As Marcy explained, in any corporation, big, small, global, or local, there are walls and barriers that prevent sustainability leaders from getting their jobs done. A lot of those barriers are about dollars and cents, and that cannot be ignored. In a company that is very old guard and very traditional male and white, cutting through the narrative of climate change, social progress or "tree-hugging initiatives" is very difficult. ArcelorMittal exists, however, so we can drive a car, and run a washing machine, and sit on bleachers at a stadium because its steel makes it all possible.
Marcy made incredible progress developing a sustainability narrative despite the limitations, as the programs were broad enough to inspire people in different ways and deep enough to move the company forward.

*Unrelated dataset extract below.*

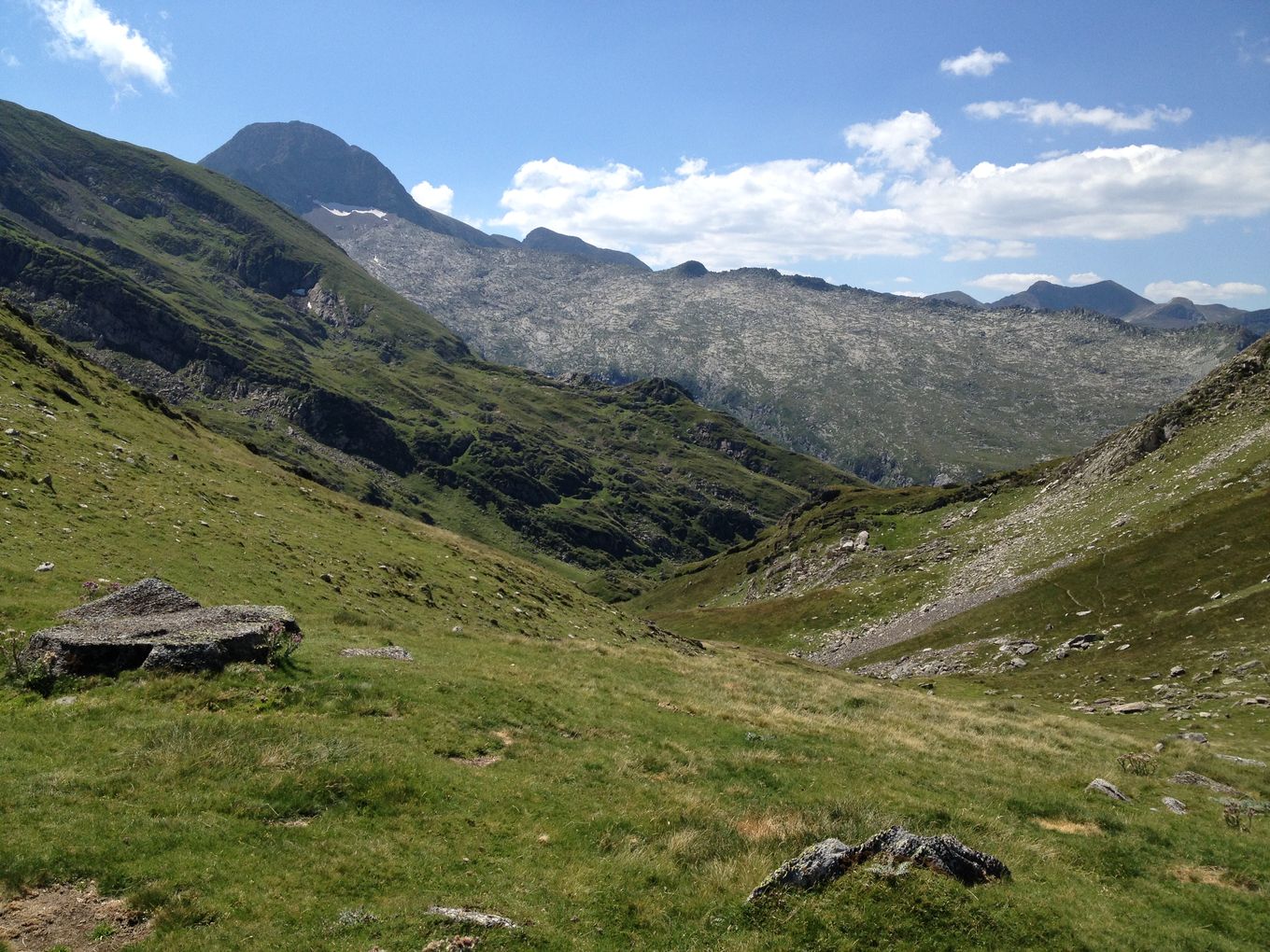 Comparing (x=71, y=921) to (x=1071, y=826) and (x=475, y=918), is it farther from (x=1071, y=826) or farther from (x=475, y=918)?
(x=1071, y=826)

She had small wins, like seeing a leader, who had never bought into sustainability, taking her talking points about the importance of ArcelorMittal as a corporate steward to a meeting and championing her work. And she had big wins that were slow and hard fought. In one small town, a well-known environmental activist said to Marcy about ArcelorMittal, "I like you guys. I wish you weren’t here. But I like you."
In a perfect world, perhaps ArcelorMittal wouldn’t have a facility in some of the rural towns where activists prefer there was no such facility, but, in the end, the company was a good partner, and the community valued that immensely.